▶ _Task data_:
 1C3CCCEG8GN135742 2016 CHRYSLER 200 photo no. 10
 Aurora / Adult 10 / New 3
==
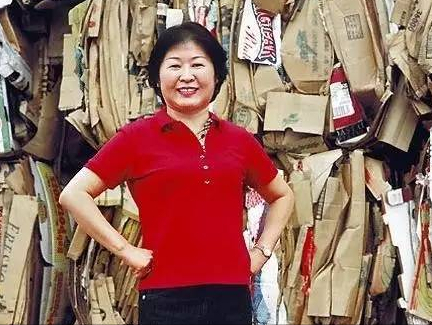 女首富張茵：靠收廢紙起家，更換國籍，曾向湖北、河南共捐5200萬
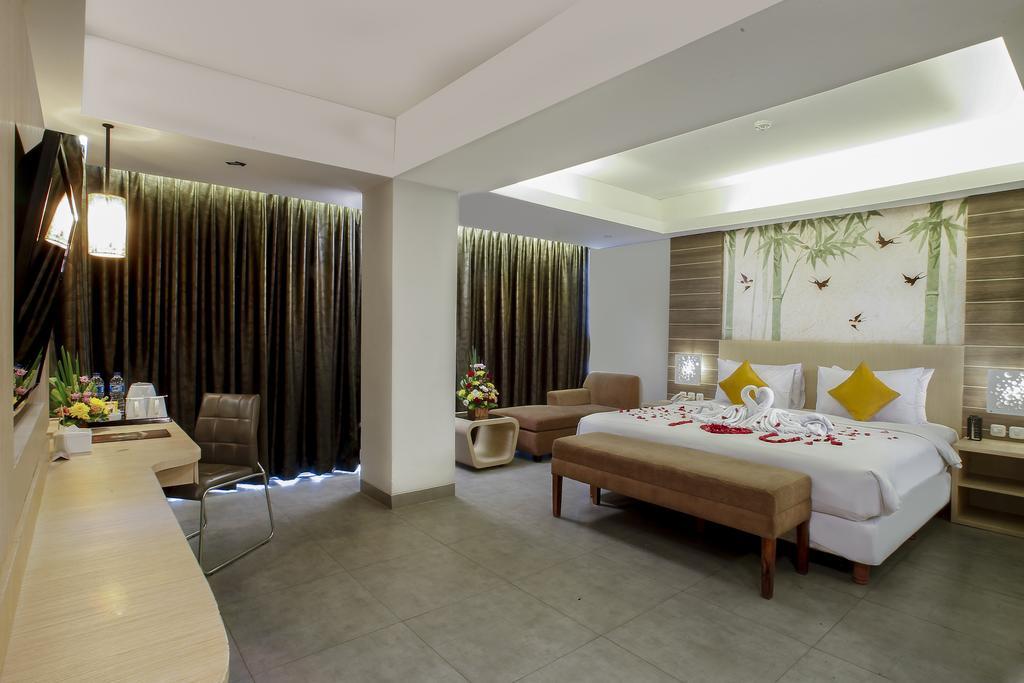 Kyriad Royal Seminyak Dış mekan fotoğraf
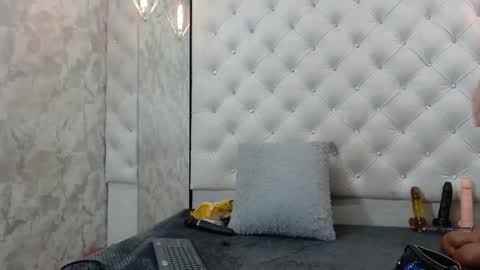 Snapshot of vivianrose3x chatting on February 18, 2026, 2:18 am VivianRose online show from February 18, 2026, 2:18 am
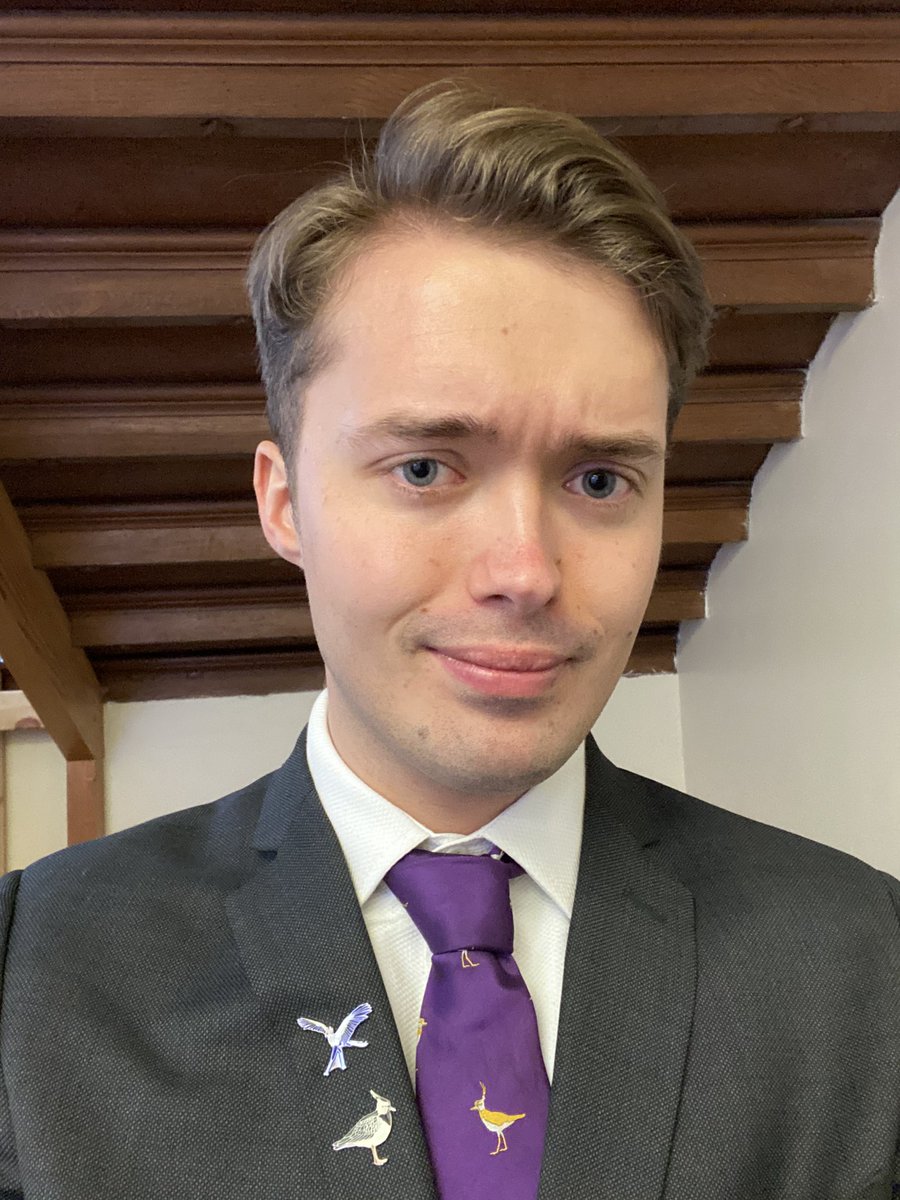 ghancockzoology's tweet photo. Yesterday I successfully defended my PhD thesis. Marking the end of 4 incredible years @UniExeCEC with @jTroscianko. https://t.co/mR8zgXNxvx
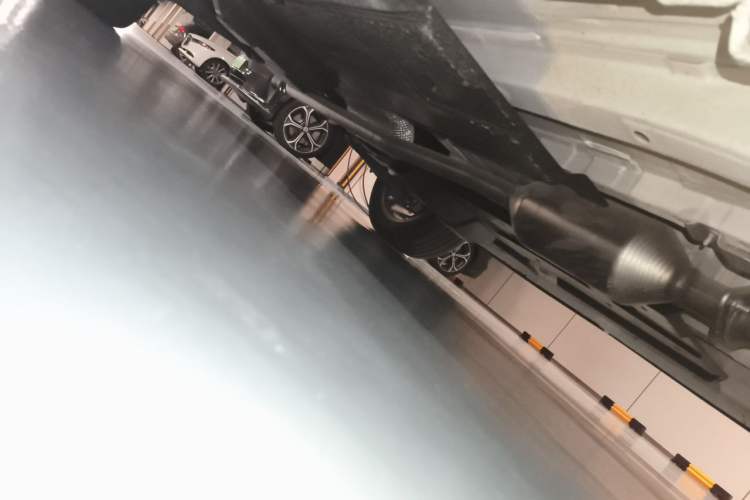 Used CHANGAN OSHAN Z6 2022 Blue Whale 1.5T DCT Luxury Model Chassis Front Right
...
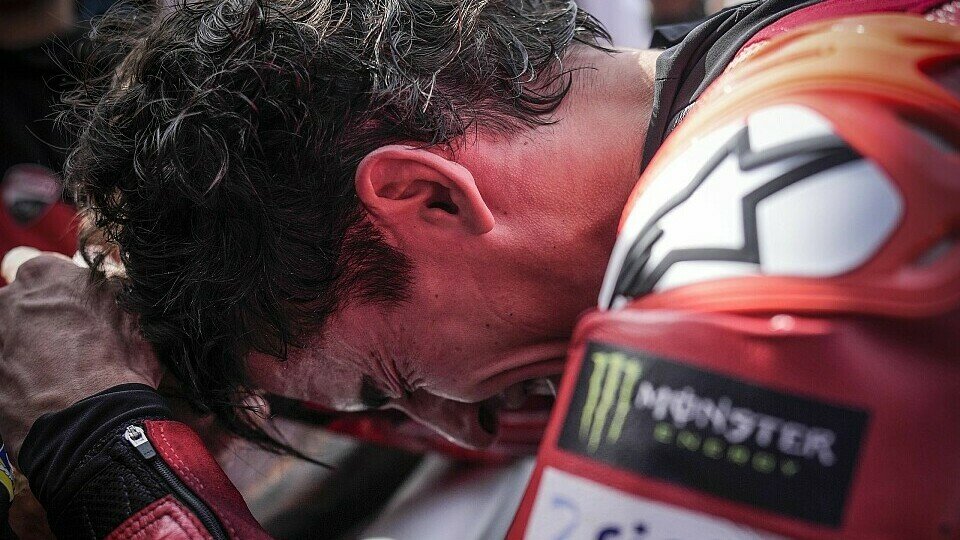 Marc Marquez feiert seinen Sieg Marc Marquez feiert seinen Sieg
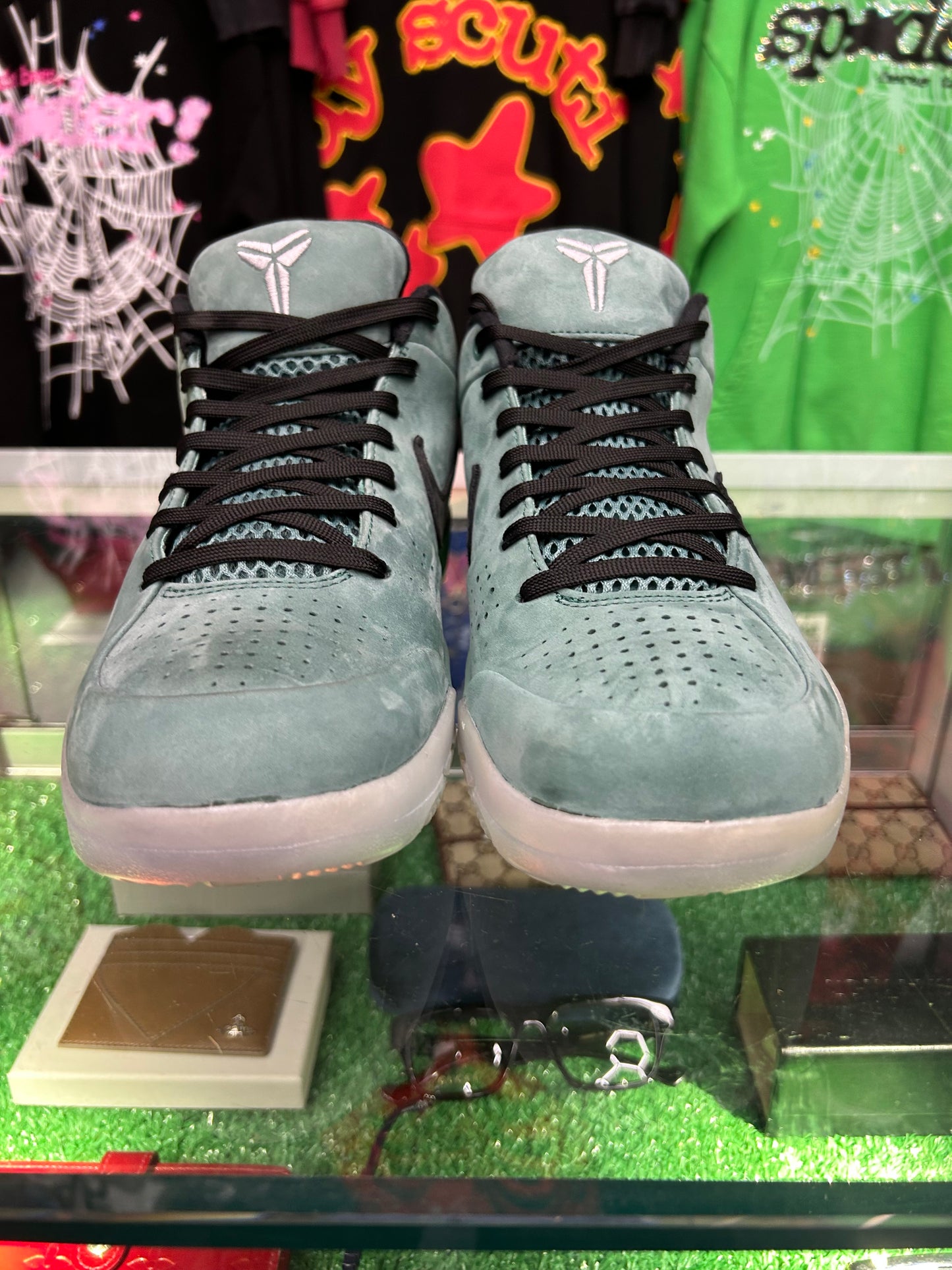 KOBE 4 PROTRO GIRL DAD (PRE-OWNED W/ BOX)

▶ _Work instructions_: Word for word, retype the lines in the entries above that run from the one with "Snapshot of vivianrose3x" through the one with "Used CHANGAN OSHAN". Both ends count; pictures do not.

▶ _Output_:
 Snapshot of vivianrose3x chatting on February 18, 2026, 2:18 am VivianRose online show from February 18, 2026, 2:18 am
 ghancockzoology's tweet photo. Yesterday I successfully defended my PhD thesis. Marking the end of 4 incredible years @UniExeCEC with @jTroscianko. https://t.co/mR8zgXNxvx
 Used CHANGAN OSHAN Z6 2022 Blue Whale 1.5T DCT Luxury Model Chassis Front Right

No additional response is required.